Aitken missed the March meeting of the Edinburgh Mathematical Society, being that evening leader of the EU Musical Society’s orchestra. In the perpetual vying of music and mathematics for his attention, music this time prevailed. At the end of term he mused:

I have learned much, but do not quite know where I am in mathematics; algebraist more than analyst perhaps 43

and the vagueness of his judgment reflects the variety of areas in which he had worked: ‘topics in algebra, geometry and number theory, which were not quite typical of his mathematical style’.44

In the vacation Winifred and Alec visited London: to Kew, ‘where each morning W- did botany’,45 to see an opera and a film, The Cabinet of Dr Caligari, ‘bizarre and disquieting … based on hallucinations of insanity.

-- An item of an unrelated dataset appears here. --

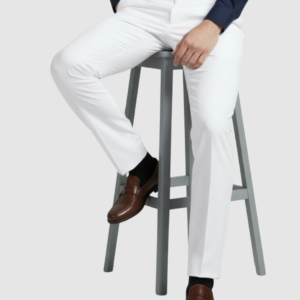 EternZiv Classic White Men’s Formal Pant, premium office wear, luxury mens fashion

It seems exact, documented and experienced, not merely imagined’, and generally exploring. They returned to Edinburgh early when Winifred showed signs of influenza.

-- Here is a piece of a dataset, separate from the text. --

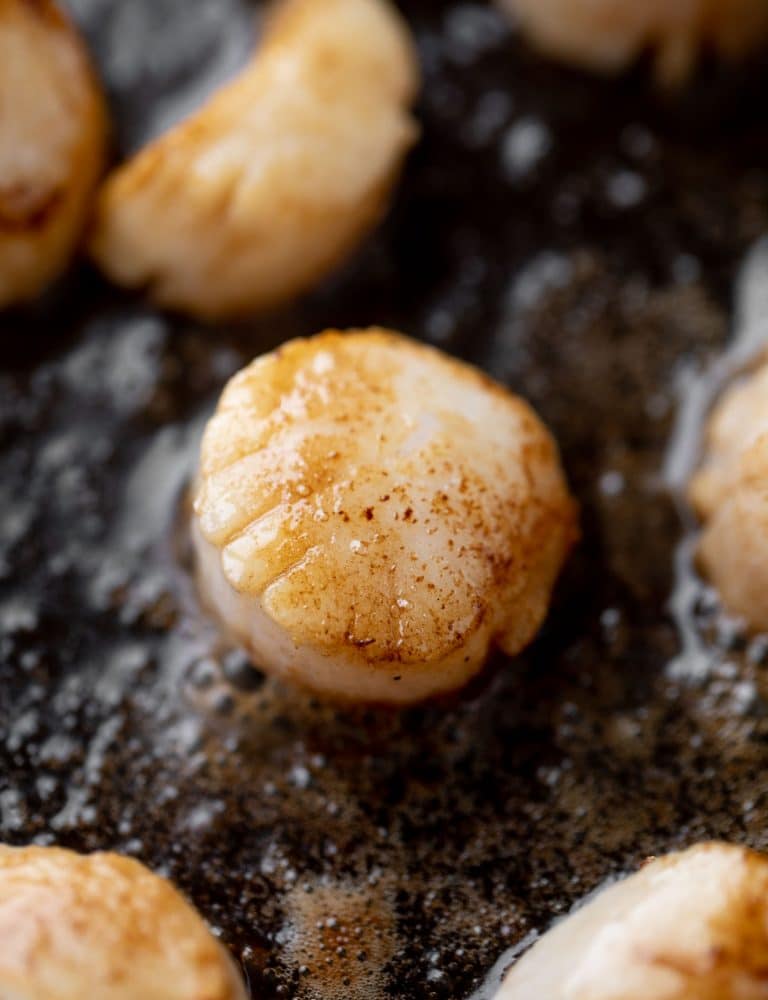 Scallop Risotto - Champagne Risotto with Brown Butter Scallops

Alec approached Donald Tovey, Reid Professor of Music at Edinburgh, for his opinion on a piano sonata he had composed. His account of the meeting, brief as it is, is perhaps the most endearing passage in the Memoir.

This was in George Square Gardens, where he was engaged in kicking a football with John, his adopted son, aged about 5, it would seem. D.F.T. read 3 pages, and the last page of the first movement. John interrupts, begging “Play, Donald, play!” D.F.T. says “some imagination”, but tells me to “write songs”, and to take his course in composition, if possible, in October. So farewell.46

In the final days of the vacation Alec and Winifred took day trips to Granton, Queensferry and Roslin, and made their first forays into the Pentland Hills, ‘in the footsteps of Scott and Stevenson’47.

Though the lease on Denhamgreen Place was extended, it was too expensive and in late September the Aitkens moved again, to the picturesque but weirdly unsuitable Westfield House at Cramond,:

a very ancient place about five miles out of Edinburgh, but connected with the town by a frequent train service, which lands you into Princes St in about a quarter of an hour. Our landlord is very proud of the old house we occupy (rambling, one storied, built of stone, dating from 1800) ... Altogether we live close to surroundings of typical old-time rusticity.48



43  Memoir, 75.
44  W. Lederman, Obituary, Ed Math Soc., 163.
45  Memoir, 76.
46  Memoir, 77.
47  ACA to Pearl, 11 June 1924.
48  Aitken to Pearl, 26 October 1924.